Every morning I passed a farm and every morning horses trotted out to the fence to watch me. I thought each day to bring them carrots and each tomorrow I forgot.
The fawns arrived after the cool nights dissipated. Their mothers watched my approach and I watched back, hoping they would allow me to get close. If I stopped, a doe would lose her nerve and bolt, the fawn trying to keep up. But if I maintained my cadence, the deer stood still in the woods and waited to see what I would do. Often I could pass close enough to see the different caramel colors in their coats, thick and full from the bounty of spring.
One morning, I came upon a mother and fawn crossing a quiet back road far ahead of me. I stopped the moment I saw them, afraid to separate them as they left the woods and walked the pavement. But, I was too late. The fawn saw me and panicked. She turned back, her mother on the far side of the road.
I waited several minutes, stopped on my bike, but the fawn had gone into hiding, instinct kicking in. I knew she would not move until her momma came for her. So I decided to bike through, trying not to click a gear or squeak a brake, passing quietly between the fawn and her mother, now out of sight, on opposite sides of the road.
I thought I was in the clear, but - as I passed - I heard the light clickety clack of hooves on the asphalt. I turned to see that the fawn had seen me and was confused. She was chasing me! On my black bike, roughly as tall as her momma, I must have been a fair representation. I laughed out loud — this fawn I would not adopt! Taking only one more glance to admire her clumsy pursuit and thin pencil legs, I picked up my speed to outpace her, hoping she would soon give up and her real momma would come get her.
However.
I was not planning on the Irish wolfhound that appeared next.
He was tall, gray and shaggy, making huge bounds in no time at all. A fearsome sight to see come roaring out of the front yard of a small house tucked in the woods. First, I feared for my nice intact ankles, but then I feared for the fawn being seen and run down to exhaustion and death by the dog.
Good (and bad) news: He was intent on me and didn't see the fawn. There was only one thing to do: Coax the gigantic dog to keep chasing me.

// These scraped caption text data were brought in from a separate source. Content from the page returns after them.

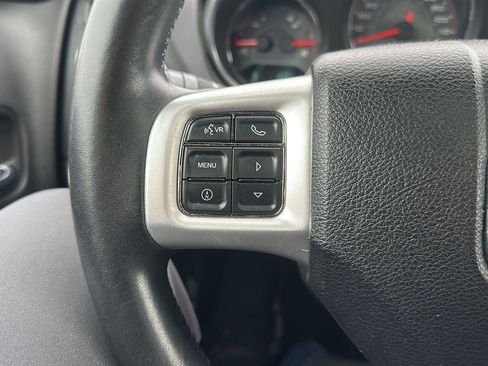 Used 2012 Dodge Avenger SXT Plus w/ Cold Weather Group FWD image 14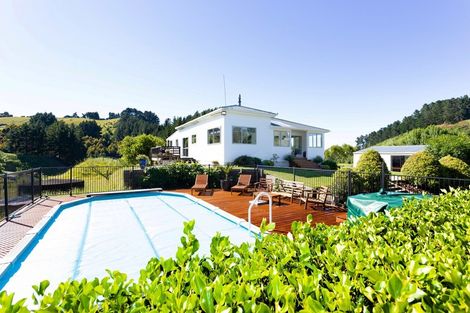 Photo of property in 250 Brunswick Road, Brunswick, Whanganui, 4571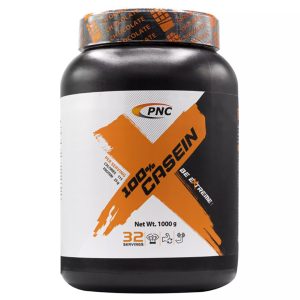 پودر کازئین با طعم شکلات پی ان سی کارن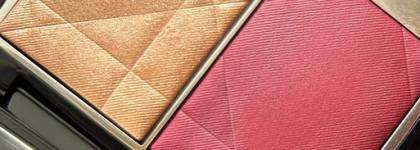 Dior Forever Rouge blush colour & glow в оттенке 757 Wildior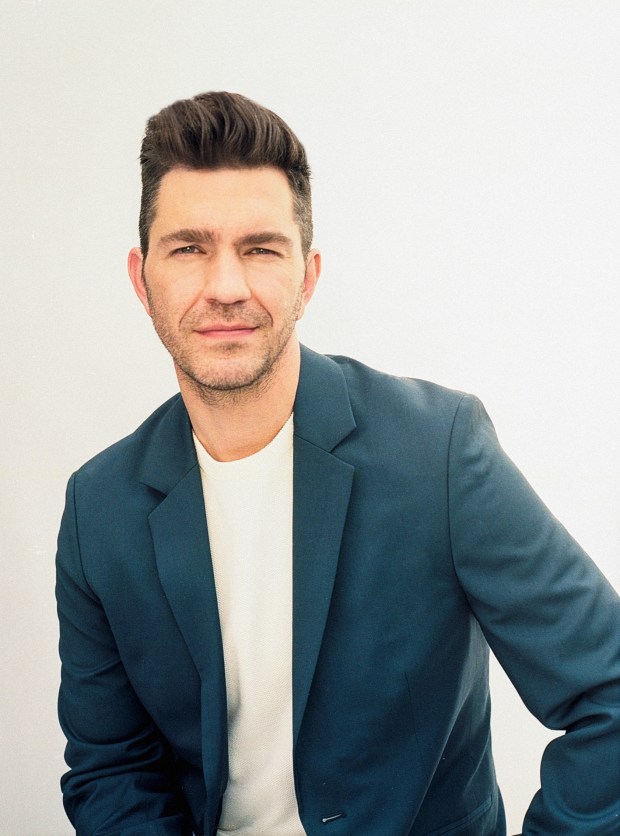 Andy Grammer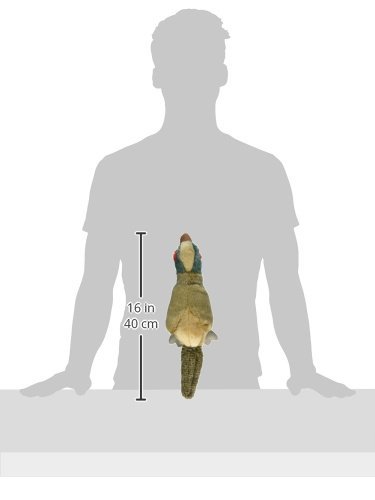 Squawk Flock Dog Toys - 16.5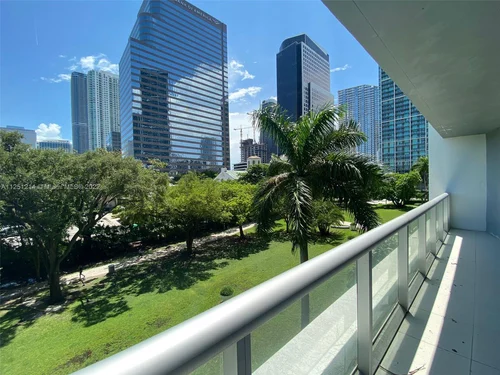 495 Brickell Ave # 409, Miami FL 33131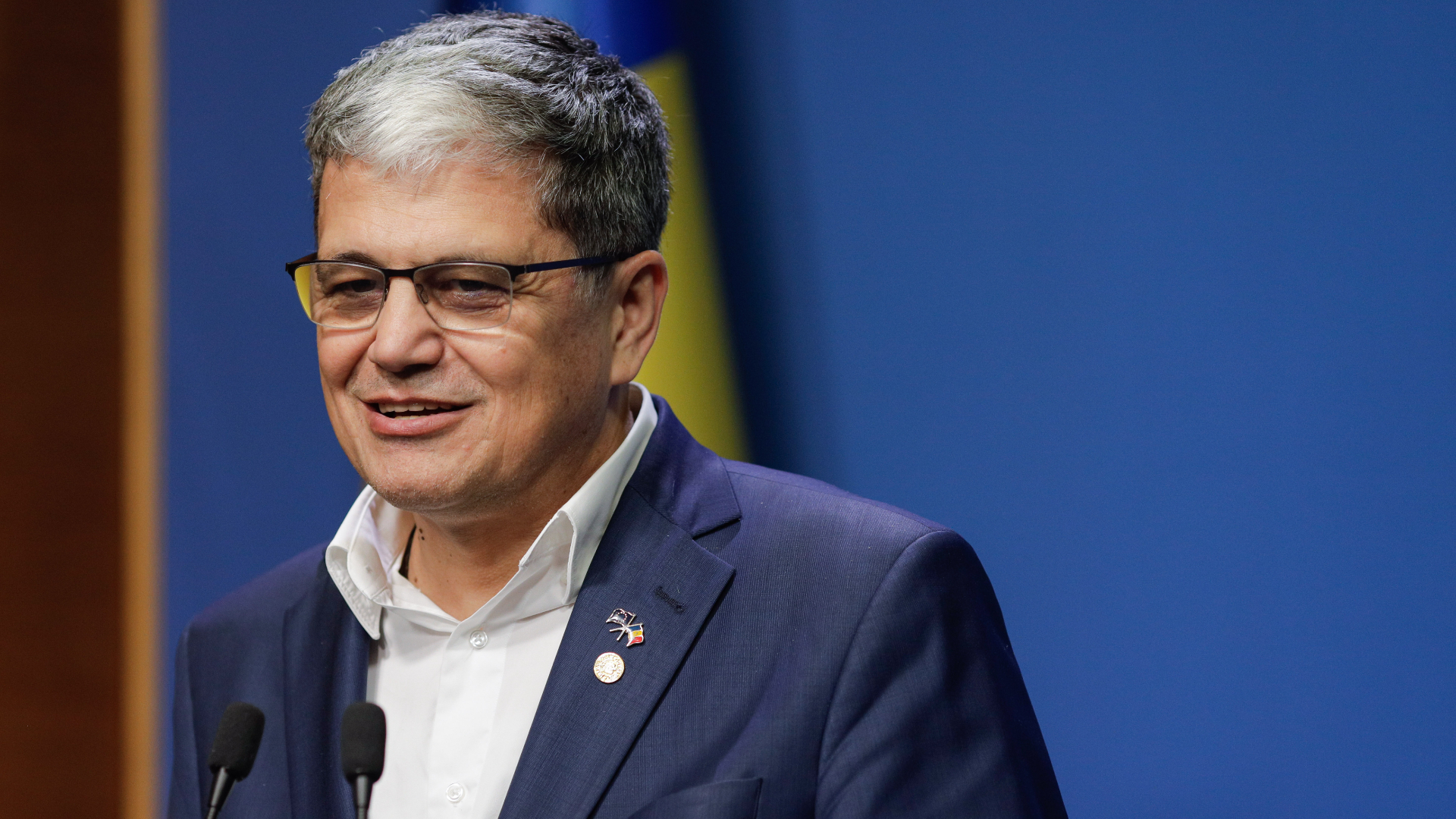 Ministrul Finanțelor, după acuzațiile de influențare a bursei prin anunțul că România ar putea pierde procesul în dosarul Roșia Montană: „Singurul meu interes a fost bugetul României”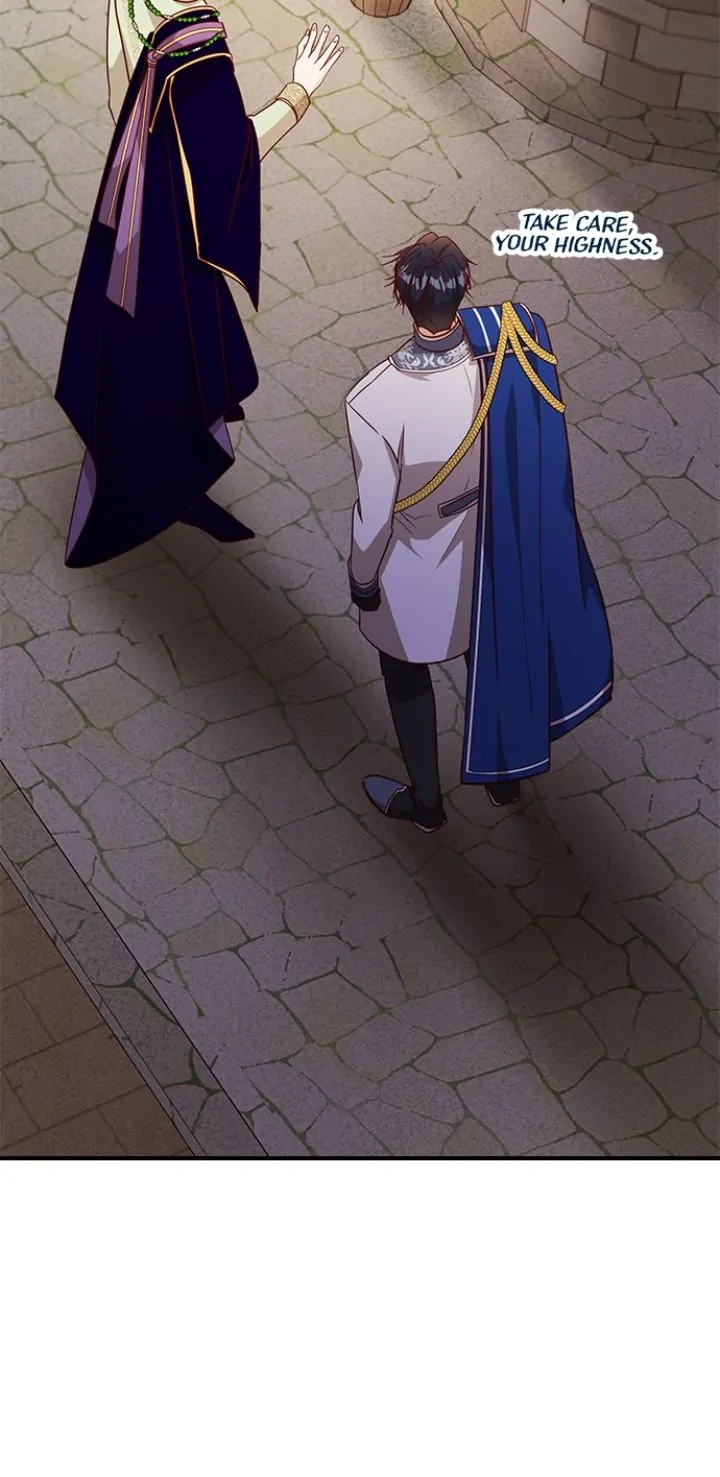 The Secret Life of a Certain Count’s Lady Chapter 95 199 24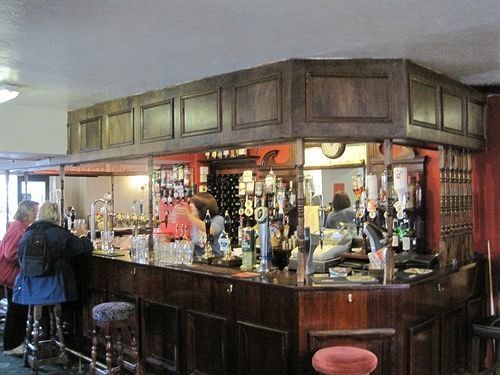Hotel The Boars Head Long Preston Zewnętrze zdjęcie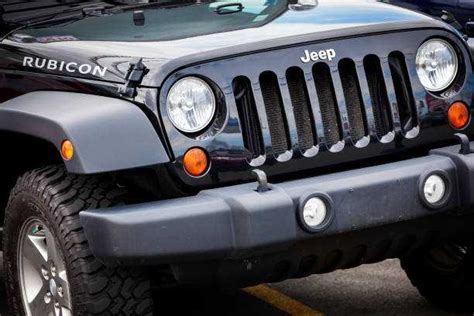 Harga Mobil Rubicon: Panduan Lengkap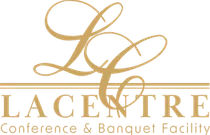 La Centre Conference & Banquet Facility logo
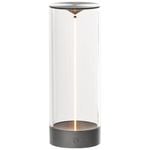 Astin Sinclair 240mm Fiber LED Rechargeable Lamp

“Come on, boy!” I called, even as fear came over me. He was barking and running next to me, his back as high as my bike frame, so close, so focused. For a full 5 seconds, it was me, then the dog, then the fawn - in a parade.
I could hear the click of the hooves continue behind us.
And then, the dog picked up on the sound, too. He wheeled around and saw the fawn, and the fawn recognized her mistake in the same moment.
She scrambled to free herself from momentum, falling on the pavement, sliding toward us. Then, she got back up and ran the other way. The dog took off after her. I turned my bike around as quickly as I could and pursued them both. The parade continued in the opposite direction - now the fawn in the lead, the dog, then me.
Down the road we went, all three of us in the middle of it all this time. The dog quickly gained on the fawn and forced her to veer hard and bolt off into the woods. The dog went, and I did, too. I rode down through the ditch and into the tall grass and ferns along the edge of the woods. I screamed, calling the huge dog repeatedly - trying to sound friendly and like a good target at the same time.
They were both out of sight in an instant and my heart hammered, fear and dread of what I would find as I slowed and stopped my bike in the rough terrain and started hiking it through the woods.
In a moment, maybe two, the dog’s head appeared above the ferns. I couldn't believe it. I had stopped him! The fawn was out of sight (yay!), and I had a huge, dew-wet dog coming for me again.
What had I done?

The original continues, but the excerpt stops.